------ Input
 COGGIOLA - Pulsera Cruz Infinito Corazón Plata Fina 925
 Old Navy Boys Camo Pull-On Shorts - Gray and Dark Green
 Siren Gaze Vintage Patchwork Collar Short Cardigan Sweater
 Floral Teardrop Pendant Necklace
------------
------ Input
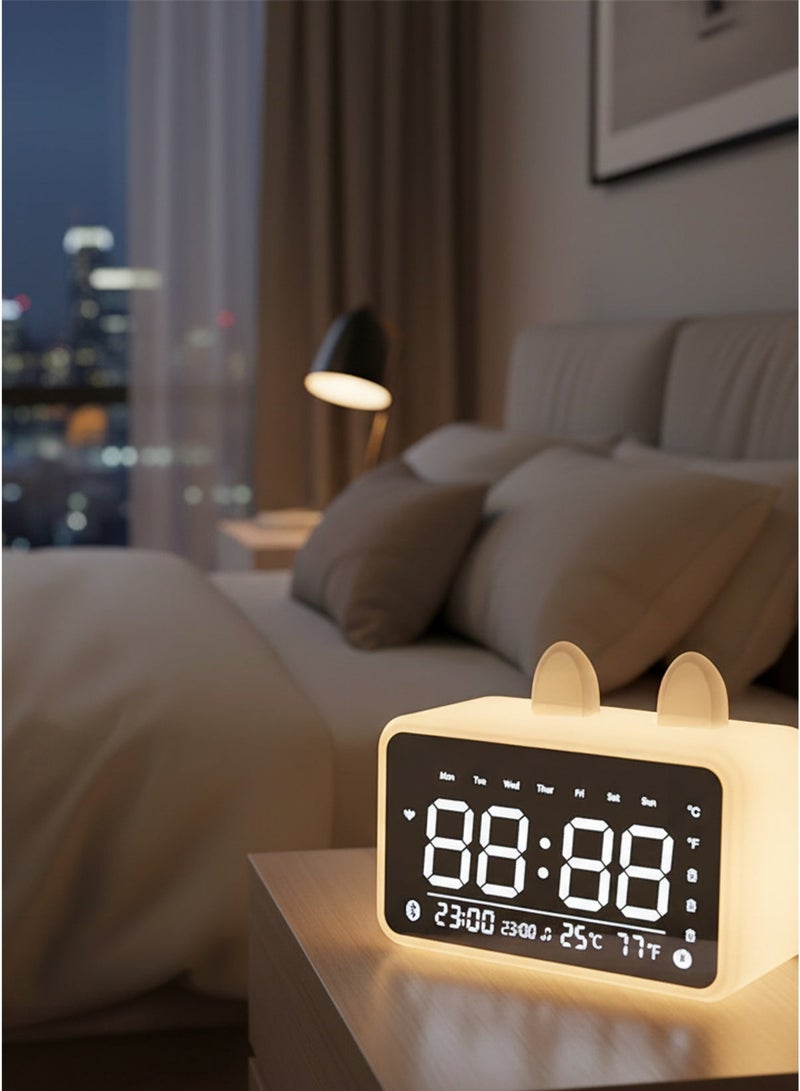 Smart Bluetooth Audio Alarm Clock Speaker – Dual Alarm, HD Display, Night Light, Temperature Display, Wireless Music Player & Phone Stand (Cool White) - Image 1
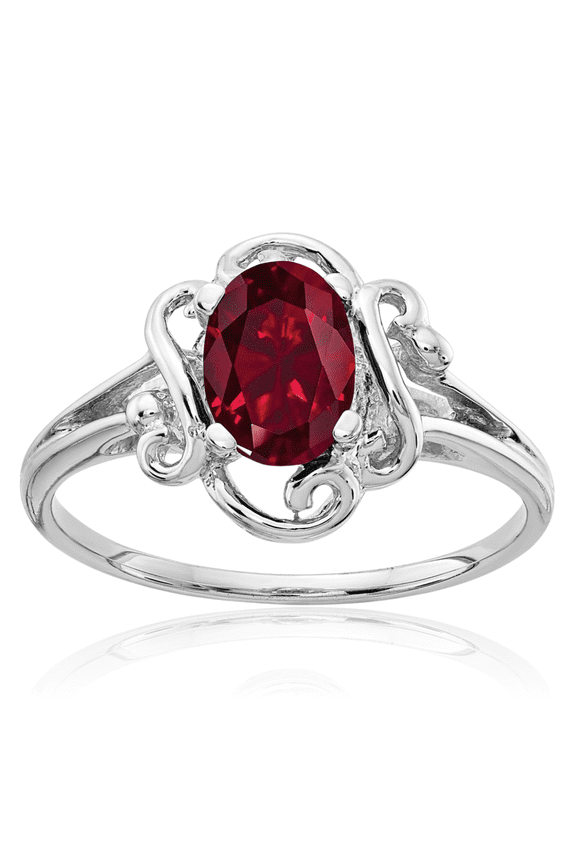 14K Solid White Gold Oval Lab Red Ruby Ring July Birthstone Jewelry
------------
The stretch to restate runs from the line above containing "Smart Bluetooth Audio" through the line containing "14K Solid White". Copy it word for word, ends included, without pictures.

 Smart Bluetooth Audio Alarm Clock Speaker – Dual Alarm, HD Display, Night Light, Temperature Display, Wireless Music Player & Phone Stand (Cool White) - Image 1
 14K Solid White Gold Oval Lab Red Ruby Ring July Birthstone Jewelry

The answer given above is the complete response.